Let $f:[0,\infty)\to \mathbb{R}$ be given by $f(x)=\sqrt{x}$. Show that it is continuous.
This is taken from Example 3.7 on <link> page 22 on the paper. It has shown that it is continuous at $c=0$ and $c>0$ seperately, which I understood why. I wondered how I would prove it if I got a similar problem from my teacher without showing how I have processed it (that is, how the values of $\delta>0$ were found). I thought about the following way,
Let $\epsilon>0$ be given and let $c\in [0,\infty)$. Choose $$\delta=\begin{cases} \epsilon^{2} & \text{ if } c=0 \\ \epsilon\sqrt{c} & \text{ if } c>0. \end{cases}$$ Assume $c=0$. If $\left | x-c \right |=\left | x-0 \right |<\delta$, then $$\left | f(x)-f(c) \right |=\left | \sqrt{x}-0 \right |=\left | x-0 \right |^{1/2}<\delta^{1/2}=\epsilon.$$ Assume $c>0$. If $\left | x-c \right |<\delta$, then $$\left | f(x)-f(c) \right |= \left | \sqrt{x}-\sqrt{c} \right |=\left | \frac{x-c}{\sqrt{x}+\sqrt{c}} \right |\leq \frac{1}{\sqrt{c}}\left | x-c \right | <\frac{1}{\sqrt{c}}\delta=\epsilon.$$ This proves that $f$ is continuous.

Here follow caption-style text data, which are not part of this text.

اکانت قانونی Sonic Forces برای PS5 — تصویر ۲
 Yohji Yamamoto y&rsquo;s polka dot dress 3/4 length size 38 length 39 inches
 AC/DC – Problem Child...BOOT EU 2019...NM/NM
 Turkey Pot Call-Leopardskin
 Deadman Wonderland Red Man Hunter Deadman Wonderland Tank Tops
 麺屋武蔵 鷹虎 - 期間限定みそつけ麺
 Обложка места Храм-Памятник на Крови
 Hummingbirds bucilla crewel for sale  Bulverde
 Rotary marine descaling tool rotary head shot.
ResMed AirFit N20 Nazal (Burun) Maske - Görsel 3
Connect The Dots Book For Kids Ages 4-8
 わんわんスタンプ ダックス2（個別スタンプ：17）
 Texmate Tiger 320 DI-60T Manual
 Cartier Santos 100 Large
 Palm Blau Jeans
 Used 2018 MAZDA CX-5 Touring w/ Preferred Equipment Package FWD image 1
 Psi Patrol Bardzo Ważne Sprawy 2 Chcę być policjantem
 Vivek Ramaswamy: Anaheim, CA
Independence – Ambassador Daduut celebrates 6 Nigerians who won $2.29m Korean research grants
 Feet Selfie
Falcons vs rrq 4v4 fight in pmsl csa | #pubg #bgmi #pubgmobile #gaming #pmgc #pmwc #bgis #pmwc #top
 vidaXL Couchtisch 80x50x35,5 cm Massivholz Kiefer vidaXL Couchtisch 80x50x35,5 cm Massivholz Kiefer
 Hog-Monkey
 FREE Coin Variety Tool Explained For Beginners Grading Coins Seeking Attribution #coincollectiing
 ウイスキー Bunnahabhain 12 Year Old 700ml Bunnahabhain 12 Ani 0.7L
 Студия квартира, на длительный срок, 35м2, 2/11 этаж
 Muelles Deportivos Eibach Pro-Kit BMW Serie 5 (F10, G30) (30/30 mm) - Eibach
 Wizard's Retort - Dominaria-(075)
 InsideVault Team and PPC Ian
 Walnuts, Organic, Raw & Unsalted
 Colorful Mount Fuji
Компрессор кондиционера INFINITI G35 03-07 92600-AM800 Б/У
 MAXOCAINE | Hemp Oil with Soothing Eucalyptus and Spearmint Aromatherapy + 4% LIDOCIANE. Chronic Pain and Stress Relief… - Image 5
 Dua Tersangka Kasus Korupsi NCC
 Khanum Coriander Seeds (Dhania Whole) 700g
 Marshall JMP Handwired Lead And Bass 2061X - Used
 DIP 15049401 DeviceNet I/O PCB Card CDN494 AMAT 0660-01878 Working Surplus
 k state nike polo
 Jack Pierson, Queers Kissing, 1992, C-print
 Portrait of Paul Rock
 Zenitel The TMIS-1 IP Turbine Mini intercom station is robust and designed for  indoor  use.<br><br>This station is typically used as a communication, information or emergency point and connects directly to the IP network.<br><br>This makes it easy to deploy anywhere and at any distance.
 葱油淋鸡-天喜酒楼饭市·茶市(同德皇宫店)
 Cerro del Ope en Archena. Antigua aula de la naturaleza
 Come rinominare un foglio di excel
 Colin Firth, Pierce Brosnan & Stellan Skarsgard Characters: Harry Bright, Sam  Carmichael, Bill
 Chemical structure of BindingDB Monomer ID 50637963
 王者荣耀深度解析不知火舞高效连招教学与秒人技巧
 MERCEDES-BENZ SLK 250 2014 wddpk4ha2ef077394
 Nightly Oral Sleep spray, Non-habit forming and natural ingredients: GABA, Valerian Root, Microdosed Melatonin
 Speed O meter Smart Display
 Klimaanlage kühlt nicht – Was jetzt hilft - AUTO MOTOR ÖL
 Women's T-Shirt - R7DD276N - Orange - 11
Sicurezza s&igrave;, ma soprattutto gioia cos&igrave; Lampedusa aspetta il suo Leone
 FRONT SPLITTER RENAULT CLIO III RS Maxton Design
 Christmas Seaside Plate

Is this correct, or is there a better way to show it mathematically?
Looks good! About the only tweak that I would suggest is to make use of the fact that $x\mapsto\sqrt x$ is a monotonically increasing function on the nonnegative reals. Do you see why that is relevant in both cases?